Jean-Dominique Augarde, "Les Ouvriers du Temps", 1996, p. 284, pl. 218, illustrating a comparable astronomical skeleton clock by Jean-Louis Bouchet also with cut out main dial and similarly with four subsidiary enamelled dials and painted moon phase dial.
A superb and very rare Louis XVI gilt bronze and jasper astronomical lyre clock of eight day duration attributed to Jean-Louis Bouchet and most probably retailed by Martinet à Paris, the main dial with cut out centre to reveal the skeletonised movement, with outer white enamel ring showing the names of the months and signs of the zodiac and inner Arabic and Roman numerals for the minutes and hours, with three winding squares: one at four o'clock for the going, one at eight o'clock for the striking and the third at ten o'clock for the lunar and calendar regulation, with a fine pair of pierced gilt brass hands for the hours and minutes and a blued steel pointer for the calendar indications. With four subsidiary dials above the main dial: at top for advance and retard, at centre to indicate the days of the month, to the lower left for the four seasons of the year and lower right for the days of the week, the subsidiary dials surmounted by a beautiful blue enamelled moon phase dial numbered 1-29 ½ for the lunar indications.
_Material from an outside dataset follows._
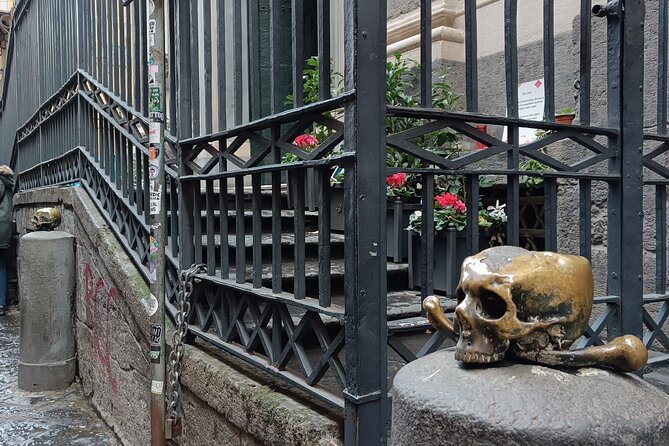 Naples Walking tour of the Historical Center - Starting at Piazza San Domenico Maggiore: your bearings, fast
The twin barrelled movement for the eight day going, with silk thread suspension, verge escapement and outside count wheel for the strike, with calendar mechanism powered by the striking power. The superb case surmounted by a large gilt bronze Medusa mask within a sunburst with a pair of rosettes below and either side of the painted moon phase dial, the gilt bronze lyre-shaped body with acanthus band on an elliptical jasper pedestal with rope bands and wreaths hung from rings on a black marble base with broad anthemion band
Paris, date circa 1785
Height 64 cm, width of base 20 cm, depth of base 12 cm.
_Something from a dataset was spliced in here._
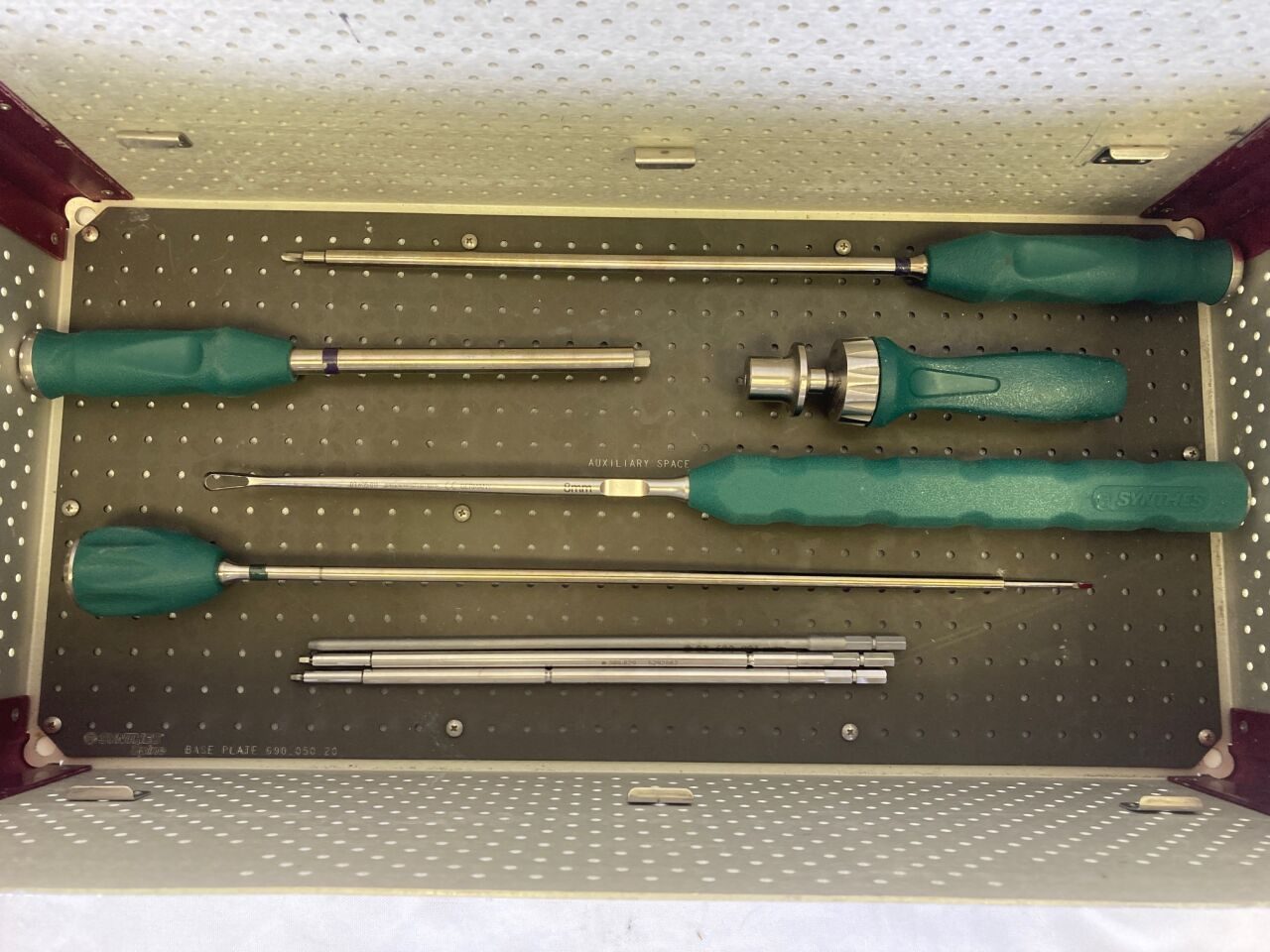 SYNTHES Custom Spine Anterior Tension Band System Instruments — photo 2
Although there are no apparent signatures on the dial or movement, the intricate complex movement compares closely with other mechanisms made by Jean-Louis Bouchet (1737-92) as well as those retailed by the mercier-horloger Martinet. Bouchet, who was received as a maître-horloger in 1762, was appointed Horloger du Roi by virtue of supplying the Garde-Meuble. He was an extremely talented maker and one of the first French makers of skeleton clocks. Bouchet supplied a number of complex pieces to Louis XV including one with astronomical indications, described as a "clock composed of different round movements in a crystal case, so that the different springs can be seen". He delivered it to King Louis XV in 1776 for Château de Bellevue, where he was placed in responsibility of maintaining all the clocks in the King's château. In 1768 he supplied miniaturized movements with astronomical indications for an ivory clock, turned by M. de Fontanieu for the King. He is also known to have made another clock with six dials and three turning circles, 1779-81.
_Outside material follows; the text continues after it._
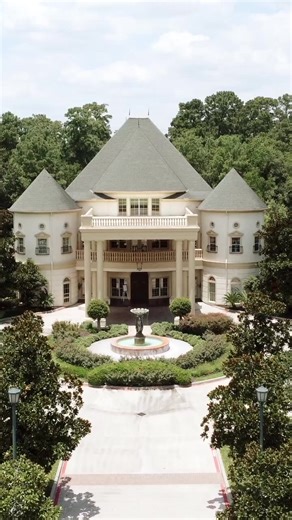 Here’s why couples love saying “I do” with us: 💍 Over 5,000 couples served 🌿 Breathtaking indoor & outdoor spaces 📦 Essentials-forward wedding packages 📍 Multiple locations across TX & OK 💸 Flexible payment options 📷 Photo-worthy moments at every turn Whether you’re dreaming of a dreamy, rustic outdoor ceremony or a modern celebration, The Springs has a venue that fits your vision—and your peace of mind. Let’s make wedding planning the easiest “yes” you’ll say. 💫 Schedule your tour today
Bouchet also created classical pieces of which four were supplied to the Garde-Meuble. He used cases by the finest makers such as Philippe Caffieri, the Osmonds, Balthazar Lieutaud, J-N. Clavelle and Jean Hauré; in addition his dial were supplied by Joseph Coteau and Edme-Portail Barbichon and his springs by Trabant. Other works by Bouchet can be admired at the Hermitage Museum, Saint Petersburg and the Archives Nationales, Paris.
The present clock is presumed to have been retailed by the Parisian mercier-horloger Hubert Martinet, since it compares closely with a multi-dialed clock surmounted by a moon phase made for the export market bearing the name Martinet London, illustrated in the Richard Redding catalogue, 1991/1992, p. 56. The mercier-horloger, who by virtue of his title only retailed clocks and thus differed from the mercier-marchand, who dealt in a variety of works of art.